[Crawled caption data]
•••••
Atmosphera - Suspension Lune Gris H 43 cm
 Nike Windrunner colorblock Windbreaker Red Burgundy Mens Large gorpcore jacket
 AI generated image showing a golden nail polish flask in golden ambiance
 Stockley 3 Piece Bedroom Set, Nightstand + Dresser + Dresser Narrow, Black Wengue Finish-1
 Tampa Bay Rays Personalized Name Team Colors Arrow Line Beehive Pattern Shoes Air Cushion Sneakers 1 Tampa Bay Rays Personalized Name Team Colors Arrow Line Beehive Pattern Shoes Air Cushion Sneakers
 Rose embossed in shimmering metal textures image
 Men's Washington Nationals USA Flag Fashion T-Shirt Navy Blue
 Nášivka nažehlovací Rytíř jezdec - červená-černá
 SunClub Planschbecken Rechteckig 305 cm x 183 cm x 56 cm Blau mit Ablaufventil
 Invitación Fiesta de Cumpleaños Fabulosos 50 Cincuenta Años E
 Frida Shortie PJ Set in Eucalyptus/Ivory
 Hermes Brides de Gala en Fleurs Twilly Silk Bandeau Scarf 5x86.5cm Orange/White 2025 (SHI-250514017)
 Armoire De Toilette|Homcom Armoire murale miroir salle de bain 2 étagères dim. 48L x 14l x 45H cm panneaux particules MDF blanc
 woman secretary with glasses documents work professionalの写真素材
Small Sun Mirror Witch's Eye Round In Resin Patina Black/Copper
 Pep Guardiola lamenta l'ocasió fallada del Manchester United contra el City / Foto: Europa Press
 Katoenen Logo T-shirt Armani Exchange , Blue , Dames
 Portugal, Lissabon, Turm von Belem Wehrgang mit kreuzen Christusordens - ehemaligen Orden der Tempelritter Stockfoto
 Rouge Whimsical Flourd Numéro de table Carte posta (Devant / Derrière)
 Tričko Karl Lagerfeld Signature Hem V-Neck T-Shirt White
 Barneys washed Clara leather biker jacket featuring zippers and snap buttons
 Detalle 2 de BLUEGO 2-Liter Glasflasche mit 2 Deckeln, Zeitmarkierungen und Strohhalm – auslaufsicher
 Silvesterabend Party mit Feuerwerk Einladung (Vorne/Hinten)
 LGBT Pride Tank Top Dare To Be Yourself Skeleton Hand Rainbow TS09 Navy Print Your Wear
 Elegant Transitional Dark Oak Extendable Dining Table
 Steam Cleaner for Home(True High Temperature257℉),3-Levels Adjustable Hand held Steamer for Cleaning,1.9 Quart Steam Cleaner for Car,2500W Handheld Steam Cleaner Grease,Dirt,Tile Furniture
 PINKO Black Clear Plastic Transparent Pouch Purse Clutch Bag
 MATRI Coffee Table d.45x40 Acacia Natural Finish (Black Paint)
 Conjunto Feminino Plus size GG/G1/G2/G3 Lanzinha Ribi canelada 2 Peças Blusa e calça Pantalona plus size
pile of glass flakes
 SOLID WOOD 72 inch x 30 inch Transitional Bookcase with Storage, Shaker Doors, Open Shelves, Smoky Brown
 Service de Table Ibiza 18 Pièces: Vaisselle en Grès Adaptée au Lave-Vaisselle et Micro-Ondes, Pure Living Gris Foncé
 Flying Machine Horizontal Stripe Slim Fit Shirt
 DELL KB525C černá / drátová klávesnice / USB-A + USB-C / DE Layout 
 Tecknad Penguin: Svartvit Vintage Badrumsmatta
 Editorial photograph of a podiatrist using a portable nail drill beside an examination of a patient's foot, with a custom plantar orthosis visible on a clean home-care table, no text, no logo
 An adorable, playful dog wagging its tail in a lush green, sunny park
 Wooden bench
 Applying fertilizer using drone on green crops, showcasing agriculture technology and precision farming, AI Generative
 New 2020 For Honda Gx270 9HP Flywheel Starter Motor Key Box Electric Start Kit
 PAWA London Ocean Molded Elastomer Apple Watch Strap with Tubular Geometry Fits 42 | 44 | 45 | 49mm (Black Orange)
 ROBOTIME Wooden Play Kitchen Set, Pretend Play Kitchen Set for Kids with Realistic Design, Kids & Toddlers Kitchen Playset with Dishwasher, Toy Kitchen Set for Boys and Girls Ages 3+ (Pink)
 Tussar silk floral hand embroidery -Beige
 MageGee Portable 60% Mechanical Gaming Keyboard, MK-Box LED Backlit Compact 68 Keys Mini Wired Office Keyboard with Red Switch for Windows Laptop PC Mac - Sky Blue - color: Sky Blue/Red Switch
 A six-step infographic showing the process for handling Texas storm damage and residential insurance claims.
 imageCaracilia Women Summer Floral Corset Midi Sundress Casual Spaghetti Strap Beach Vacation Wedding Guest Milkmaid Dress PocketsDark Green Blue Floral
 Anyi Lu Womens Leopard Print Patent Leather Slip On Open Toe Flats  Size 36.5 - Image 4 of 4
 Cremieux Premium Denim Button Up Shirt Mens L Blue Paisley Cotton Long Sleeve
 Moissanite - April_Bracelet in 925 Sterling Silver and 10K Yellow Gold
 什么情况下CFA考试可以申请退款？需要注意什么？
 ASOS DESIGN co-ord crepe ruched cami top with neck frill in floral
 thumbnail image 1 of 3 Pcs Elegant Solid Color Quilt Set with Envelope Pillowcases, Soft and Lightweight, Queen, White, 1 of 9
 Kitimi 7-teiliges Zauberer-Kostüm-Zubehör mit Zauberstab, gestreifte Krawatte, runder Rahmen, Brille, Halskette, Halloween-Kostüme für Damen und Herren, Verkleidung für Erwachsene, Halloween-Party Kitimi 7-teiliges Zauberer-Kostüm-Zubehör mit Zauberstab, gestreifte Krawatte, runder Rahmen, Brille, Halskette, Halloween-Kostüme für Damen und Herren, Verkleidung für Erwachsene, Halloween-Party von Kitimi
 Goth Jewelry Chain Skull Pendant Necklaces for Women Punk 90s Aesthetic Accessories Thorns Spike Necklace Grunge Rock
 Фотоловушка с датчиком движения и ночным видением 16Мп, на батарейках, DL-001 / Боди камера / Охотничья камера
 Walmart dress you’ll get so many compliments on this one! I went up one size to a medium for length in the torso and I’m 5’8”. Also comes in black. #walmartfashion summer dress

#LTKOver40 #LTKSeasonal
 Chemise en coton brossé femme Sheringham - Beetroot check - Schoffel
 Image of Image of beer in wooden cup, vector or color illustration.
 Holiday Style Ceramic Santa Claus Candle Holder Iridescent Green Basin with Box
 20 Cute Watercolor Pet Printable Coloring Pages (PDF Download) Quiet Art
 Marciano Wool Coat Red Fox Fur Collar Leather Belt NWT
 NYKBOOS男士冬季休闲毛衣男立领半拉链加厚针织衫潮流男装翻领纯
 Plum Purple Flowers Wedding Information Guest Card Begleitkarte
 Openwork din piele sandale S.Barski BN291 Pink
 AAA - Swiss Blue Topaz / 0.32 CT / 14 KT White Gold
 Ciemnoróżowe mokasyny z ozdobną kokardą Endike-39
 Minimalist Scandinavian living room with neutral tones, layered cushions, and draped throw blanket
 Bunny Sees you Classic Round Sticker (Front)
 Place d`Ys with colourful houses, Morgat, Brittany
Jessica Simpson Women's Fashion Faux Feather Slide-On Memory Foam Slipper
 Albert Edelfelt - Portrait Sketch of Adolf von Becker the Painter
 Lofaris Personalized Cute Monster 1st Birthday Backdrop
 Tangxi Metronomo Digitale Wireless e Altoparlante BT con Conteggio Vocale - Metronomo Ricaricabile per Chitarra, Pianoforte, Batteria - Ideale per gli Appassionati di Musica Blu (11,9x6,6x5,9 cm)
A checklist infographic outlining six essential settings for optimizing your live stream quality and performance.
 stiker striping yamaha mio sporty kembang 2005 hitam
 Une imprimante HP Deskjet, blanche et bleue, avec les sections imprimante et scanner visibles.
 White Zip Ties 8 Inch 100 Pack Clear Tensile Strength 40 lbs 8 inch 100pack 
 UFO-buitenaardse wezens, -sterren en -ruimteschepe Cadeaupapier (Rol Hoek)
•••••
**TASK OBJECTIVE**
What belongs in the answer is each line of the data that has the word "Clear".

**REPLY TO THE EXERCISE**
 PINKO Black Clear Plastic Transparent Pouch Purse Clutch Bag
 White Zip Ties 8 Inch 100 Pack Clear Tensile Strength 40 lbs 8 inch 100pack 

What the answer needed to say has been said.